*Exercise objective:* Repeat the data below exactly. Include each line.

(Entries taken from a collection)

········

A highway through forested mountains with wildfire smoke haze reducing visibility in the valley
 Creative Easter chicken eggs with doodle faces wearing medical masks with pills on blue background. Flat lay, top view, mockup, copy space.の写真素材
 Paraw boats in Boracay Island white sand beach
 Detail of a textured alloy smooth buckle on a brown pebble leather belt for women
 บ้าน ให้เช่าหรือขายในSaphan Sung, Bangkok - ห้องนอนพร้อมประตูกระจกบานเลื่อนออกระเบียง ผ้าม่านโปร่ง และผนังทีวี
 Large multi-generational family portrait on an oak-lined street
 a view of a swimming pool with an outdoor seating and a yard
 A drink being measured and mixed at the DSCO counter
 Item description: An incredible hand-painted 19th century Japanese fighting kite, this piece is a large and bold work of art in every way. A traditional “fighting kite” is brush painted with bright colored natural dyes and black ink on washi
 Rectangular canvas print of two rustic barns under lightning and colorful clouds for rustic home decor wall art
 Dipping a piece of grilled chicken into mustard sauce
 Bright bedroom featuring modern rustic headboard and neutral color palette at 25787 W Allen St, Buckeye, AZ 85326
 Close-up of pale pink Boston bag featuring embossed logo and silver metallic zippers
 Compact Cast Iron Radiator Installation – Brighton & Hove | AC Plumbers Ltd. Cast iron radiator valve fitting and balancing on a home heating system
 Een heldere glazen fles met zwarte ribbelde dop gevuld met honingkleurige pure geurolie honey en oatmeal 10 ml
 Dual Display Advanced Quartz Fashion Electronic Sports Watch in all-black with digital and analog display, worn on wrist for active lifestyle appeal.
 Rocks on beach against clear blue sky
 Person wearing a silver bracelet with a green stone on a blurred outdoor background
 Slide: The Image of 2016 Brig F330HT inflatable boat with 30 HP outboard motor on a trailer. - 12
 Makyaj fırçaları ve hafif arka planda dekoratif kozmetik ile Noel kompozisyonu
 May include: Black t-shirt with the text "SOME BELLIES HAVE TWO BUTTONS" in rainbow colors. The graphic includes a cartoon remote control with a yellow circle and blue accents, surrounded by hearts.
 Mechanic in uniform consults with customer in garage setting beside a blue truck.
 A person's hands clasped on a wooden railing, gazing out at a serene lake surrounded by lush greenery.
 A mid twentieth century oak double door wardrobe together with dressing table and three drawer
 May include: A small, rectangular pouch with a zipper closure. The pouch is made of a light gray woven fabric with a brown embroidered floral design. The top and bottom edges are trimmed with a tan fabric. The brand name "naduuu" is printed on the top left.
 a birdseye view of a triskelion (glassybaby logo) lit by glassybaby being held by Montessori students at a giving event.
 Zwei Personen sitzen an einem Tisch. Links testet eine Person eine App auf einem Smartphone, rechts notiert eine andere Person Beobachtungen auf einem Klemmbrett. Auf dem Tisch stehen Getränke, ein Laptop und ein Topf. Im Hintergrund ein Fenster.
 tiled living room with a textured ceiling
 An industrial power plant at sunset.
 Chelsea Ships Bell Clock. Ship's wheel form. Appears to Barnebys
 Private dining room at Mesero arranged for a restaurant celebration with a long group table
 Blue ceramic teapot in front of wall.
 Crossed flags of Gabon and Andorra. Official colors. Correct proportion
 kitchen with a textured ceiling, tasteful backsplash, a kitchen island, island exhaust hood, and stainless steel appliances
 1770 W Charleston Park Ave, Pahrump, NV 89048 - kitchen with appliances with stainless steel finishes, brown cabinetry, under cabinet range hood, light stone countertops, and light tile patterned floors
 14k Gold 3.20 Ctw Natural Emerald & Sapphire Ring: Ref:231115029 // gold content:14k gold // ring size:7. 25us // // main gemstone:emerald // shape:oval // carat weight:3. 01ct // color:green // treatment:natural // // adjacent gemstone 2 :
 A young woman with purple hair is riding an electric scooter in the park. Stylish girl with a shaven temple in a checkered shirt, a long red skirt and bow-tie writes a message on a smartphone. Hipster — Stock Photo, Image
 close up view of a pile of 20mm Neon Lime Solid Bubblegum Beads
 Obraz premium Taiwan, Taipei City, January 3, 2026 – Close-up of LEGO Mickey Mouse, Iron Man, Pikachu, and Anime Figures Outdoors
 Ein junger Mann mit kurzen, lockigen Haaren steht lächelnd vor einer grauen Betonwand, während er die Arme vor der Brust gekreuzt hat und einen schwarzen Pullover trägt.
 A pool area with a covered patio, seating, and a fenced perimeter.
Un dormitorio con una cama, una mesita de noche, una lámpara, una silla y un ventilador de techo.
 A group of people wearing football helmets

········

*Solution to this task:*
A highway through forested mountains with wildfire smoke haze reducing visibility in the valley
 Creative Easter chicken eggs with doodle faces wearing medical masks with pills on blue background. Flat lay, top view, mockup, copy space.の写真素材
 Paraw boats in Boracay Island white sand beach
 Detail of a textured alloy smooth buckle on a brown pebble leather belt for women
 บ้าน ให้เช่าหรือขายในSaphan Sung, Bangkok - ห้องนอนพร้อมประตูกระจกบานเลื่อนออกระเบียง ผ้าม่านโปร่ง และผนังทีวี
 Large multi-generational family portrait on an oak-lined street
 a view of a swimming pool with an outdoor seating and a yard
 A drink being measured and mixed at the DSCO counter
 Item description: An incredible hand-painted 19th century Japanese fighting kite, this piece is a large and bold work of art in every way. A traditional “fighting kite” is brush painted with bright colored natural dyes and black ink on washi
 Rectangular canvas print of two rustic barns under lightning and colorful clouds for rustic home decor wall art
 Dipping a piece of grilled chicken into mustard sauce
 Bright bedroom featuring modern rustic headboard and neutral color palette at 25787 W Allen St, Buckeye, AZ 85326
 Close-up of pale pink Boston bag featuring embossed logo and silver metallic zippers
 Compact Cast Iron Radiator Installation – Brighton & Hove | AC Plumbers Ltd. Cast iron radiator valve fitting and balancing on a home heating system
 Een heldere glazen fles met zwarte ribbelde dop gevuld met honingkleurige pure geurolie honey en oatmeal 10 ml
 Dual Display Advanced Quartz Fashion Electronic Sports Watch in all-black with digital and analog display, worn on wrist for active lifestyle appeal.
 Rocks on beach against clear blue sky
 Person wearing a silver bracelet with a green stone on a blurred outdoor background
 Slide: The Image of 2016 Brig F330HT inflatable boat with 30 HP outboard motor on a trailer. - 12
 Makyaj fırçaları ve hafif arka planda dekoratif kozmetik ile Noel kompozisyonu
 May include: Black t-shirt with the text "SOME BELLIES HAVE TWO BUTTONS" in rainbow colors. The graphic includes a cartoon remote control with a yellow circle and blue accents, surrounded by hearts.
 Mechanic in uniform consults with customer in garage setting beside a blue truck.
 A person's hands clasped on a wooden railing, gazing out at a serene lake surrounded by lush greenery.
 A mid twentieth century oak double door wardrobe together with dressing table and three drawer
 May include: A small, rectangular pouch with a zipper closure. The pouch is made of a light gray woven fabric with a brown embroidered floral design. The top and bottom edges are trimmed with a tan fabric. The brand name "naduuu" is printed on the top left.
 a birdseye view of a triskelion (glassybaby logo) lit by glassybaby being held by Montessori students at a giving event.
 Zwei Personen sitzen an einem Tisch. Links testet eine Person eine App auf einem Smartphone, rechts notiert eine andere Person Beobachtungen auf einem Klemmbrett. Auf dem Tisch stehen Getränke, ein Laptop und ein Topf. Im Hintergrund ein Fenster.
 tiled living room with a textured ceiling
 An industrial power plant at sunset.
 Chelsea Ships Bell Clock. Ship's wheel form. Appears to Barnebys
 Private dining room at Mesero arranged for a restaurant celebration with a long group table
 Blue ceramic teapot in front of wall.
 Crossed flags of Gabon and Andorra. Official colors. Correct proportion
 kitchen with a textured ceiling, tasteful backsplash, a kitchen island, island exhaust hood, and stainless steel appliances
 1770 W Charleston Park Ave, Pahrump, NV 89048 - kitchen with appliances with stainless steel finishes, brown cabinetry, under cabinet range hood, light stone countertops, and light tile patterned floors
 14k Gold 3.20 Ctw Natural Emerald & Sapphire Ring: Ref:231115029 // gold content:14k gold // ring size:7. 25us // // main gemstone:emerald // shape:oval // carat weight:3. 01ct // color:green // treatment:natural // // adjacent gemstone 2 :
 A young woman with purple hair is riding an electric scooter in the park. Stylish girl with a shaven temple in a checkered shirt, a long red skirt and bow-tie writes a message on a smartphone. Hipster — Stock Photo, Image
 close up view of a pile of 20mm Neon Lime Solid Bubblegum Beads
 Obraz premium Taiwan, Taipei City, January 3, 2026 – Close-up of LEGO Mickey Mouse, Iron Man, Pikachu, and Anime Figures Outdoors
 Ein junger Mann mit kurzen, lockigen Haaren steht lächelnd vor einer grauen Betonwand, während er die Arme vor der Brust gekreuzt hat und einen schwarzen Pullover trägt.
 A pool area with a covered patio, seating, and a fenced perimeter.
Un dormitorio con una cama, una mesita de noche, una lámpara, una silla y un ventilador de techo.
 A group of people wearing football helmets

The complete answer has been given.